God is pure beauty.  The longing
To love the beauty of the world in
A human being is essentially
The longing for the Incarnation.
What we love is perfect joy itself.

It is not in our power to travel
In a vertical direction.  Christ
Himself came down and took possession
Of me.  I was able to rise above this
Wretched flesh, to leave it to suffer by itself.

Something stronger than I was
Compelled me to go down on my knees.
It is not my business to think about
Myself.  My business is to think about God.
Only obedience is invulnerable for all time.

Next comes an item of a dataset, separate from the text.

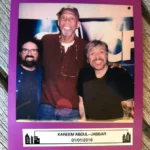 A picture of three men standing next to each other.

I always believed that the instant
Of death is the center and object of life.
Every time I think of the crucifixion
Of Christ I commit the sin of envy.
The future is still to be feared.

The danger is not in the soul’s doubt that
There is bread, but, by a lie, to persuade itself
It is not hungry.  Christ is our bread.  If one
Turns aside from him to go toward the truth,
One will not go far before falling into his arms.

.

This “poem” consists of quotes by Simone Weil.

___________

IN MEMORIAM

Alfred, Lord Tennyson

Love is and was my lord and king,
    And in his presence I attend
    To hear the tidings of my friend,
Which every hour his couriers bring.

Love is and was my king and lord,
    And will be, though as yet I keep
    Within the court on earth, and sleep
Encompassed by his faithful guard,

And hear at times a sentinel
    Who moves about from place to place,
    And whispers to the worlds of space,
In the deep of night, that all is well.
.

In The One Year Book of Poetry, P Comfort & D Partner, ed.s (Tyndale House Pub.s 1999), “Feb. 11” page.